LA MASTURBATION INTELLECTUELLE
Qu’est-ce que j’entends par masturbation intellectuelle?
La masturbation intellectuelle est l’action de jeter par écrit ou dans les airs des réflexions qui ne mènent à rien. Loin d’être inutile lorsqu’elle est pratiquée individuellement ou en groupe de personnes consentantes, par exemple lors d’une discussion philosophique ou d’un remue-méninges, il faut se demander quels impacts une telle pratique peut avoir sur une collectivité qui y est exposée sans en être informée.
Pour bien comprendre ce à quoi peut ressembler la masturbation intellectuelle, Olivier Niquet de l’émission La soirée est (encore) jeune à Radio-Canada cite Éric Duhaime qui résumerait tout le concept de la radio d’opinion, dans cette phrase : « On ne sait rien; c’qui sort, bein ça sort au compte-gouttes, pis y’a sûrement d’l’information là-d’dans qui est pas nécessairement vraie ; mais quessez vous voulez que j’vous dise? mieux vaut d’la mauvaise information que pas d’information pantoute! »(1)
Lorsque de la mauvaise ou de la fausse information satisfait notre besoin d’être informé, nous pouvons parler de masturbation intellectuelle.
Cette information douteuse non vérifiée, cette opinion que l’on nous présente comme de l’information se retrouve aujourd’hui de plus en plus présente autour de nous. La vitesse à laquelle nous semblons demander à être intellectuellement stimulés crée forcément des habitudes de bâclage journalistique. Difficile de savoir si les discours des politiciens et politiciennes sont l’œuf ou la poule d’une part très importante des reportages dits journalistiques d’aujourd’hui.

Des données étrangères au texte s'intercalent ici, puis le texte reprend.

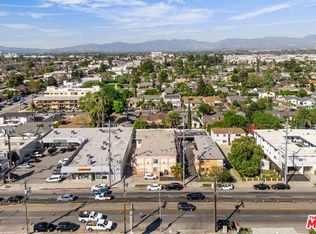 13631 Vanowen St, Van Nuys, CA 91405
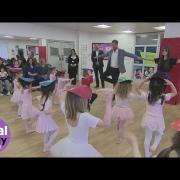 Il Principe Harry balla con le bimbe in tutù: il video!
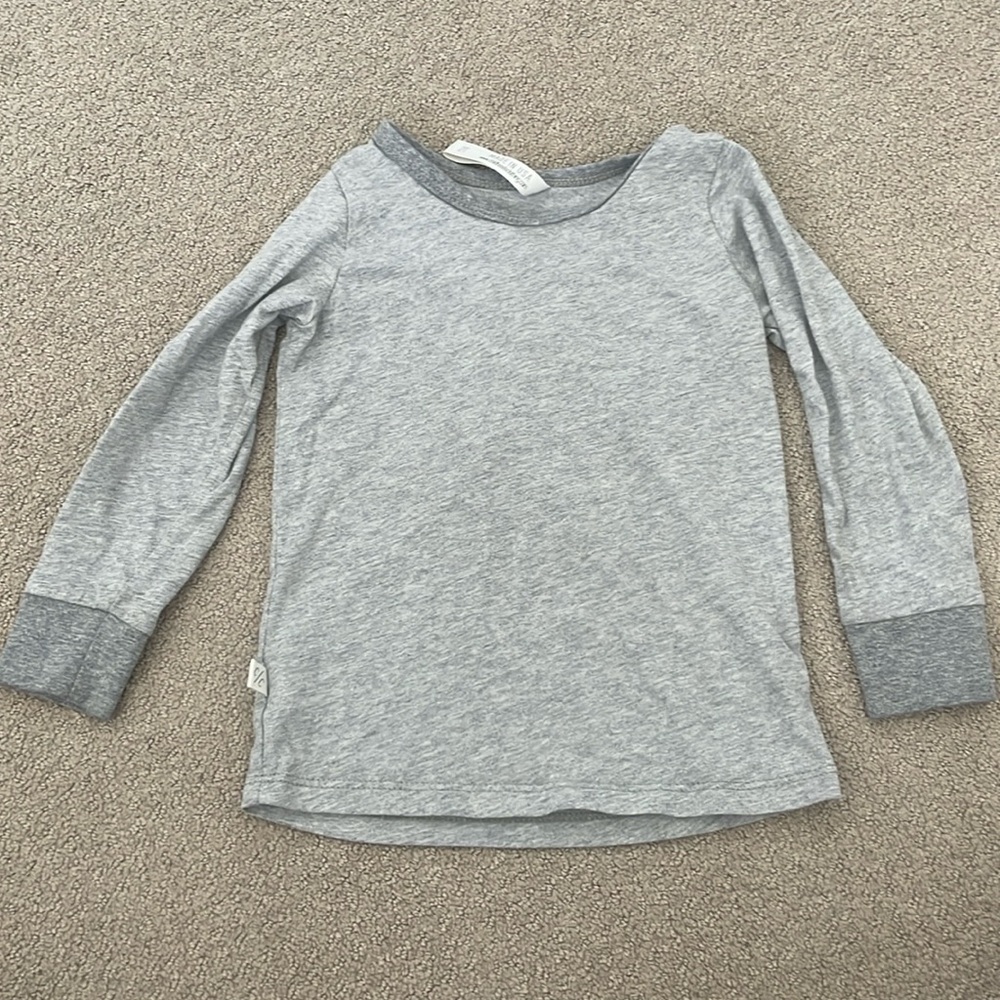 Childhoods Clothing long sleeve tee in pebble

Quels sont les effets de la masturbation intellectuelle?
La masturbation rend sourd, c’est bien connu! Même si cette expression folklorique est non fondée scientifiquement, il est très intéressant de lire l’histoire de la réprimande de la masturbation. C’est fascinant de constater tous les efforts qui ont été consacrés à vaincre ce que l’on considérait comme une pratique allant mener à la fin de l’espèce et au désordre social. Si une véritable guerre idéologique fut menée contre la population, spécifiquement la classe populaire, par les médecins et le clergé, c’est justement pour préserver la pureté d’une certaine classe qui serait apparemment plus élevée. Si la masturbation non intellectuelle ne rend pas sourd, la masturbation intellectuelle, elle, peut rendre sourd. À force de se nourrir de discours creux à répétition et qui prennent des formes interchangeables tantôt qualifiées de journalistiques, tantôt de divertissantes, la surdité peut devenir une des réponses possibles pour se protéger face aux charges répétées du non-sens intellectuel. Je prends pour exemple à peu près n’importe quel téléjournal; comment est-ce possible pour un être humain normalement constitué de rester insensible au flot d’horreurs quotidien qui y est projeté? Ma réponse est qu’il développe une insensibilité, une surdité intellectuelle, qui le protège, en partie, contre les dommages psychologiques dus à une telle exposition. Le contenu du téléjournal serait-il de la masturbation intellectuelle? Si on se demande quelle est son utilité, la réponse est dans la question.
De la même façon que la génération d’aujourd’hui aura à se poser la question de son rapport à l’amour et à la sexualité à travers le filtre que lui impose la pornographie de plus en plus omniprésente, ma génération doit se poser la question de son rapport à l’information qui passe de plus en plus à travers les filtres de la désinformation et de l’opinion déguisée en information.
Références :
(1) Le bêtisier d’Olivier Niquet à la Soirée est (encore) jeune du 30 décembre 2015 à 48min 15sec.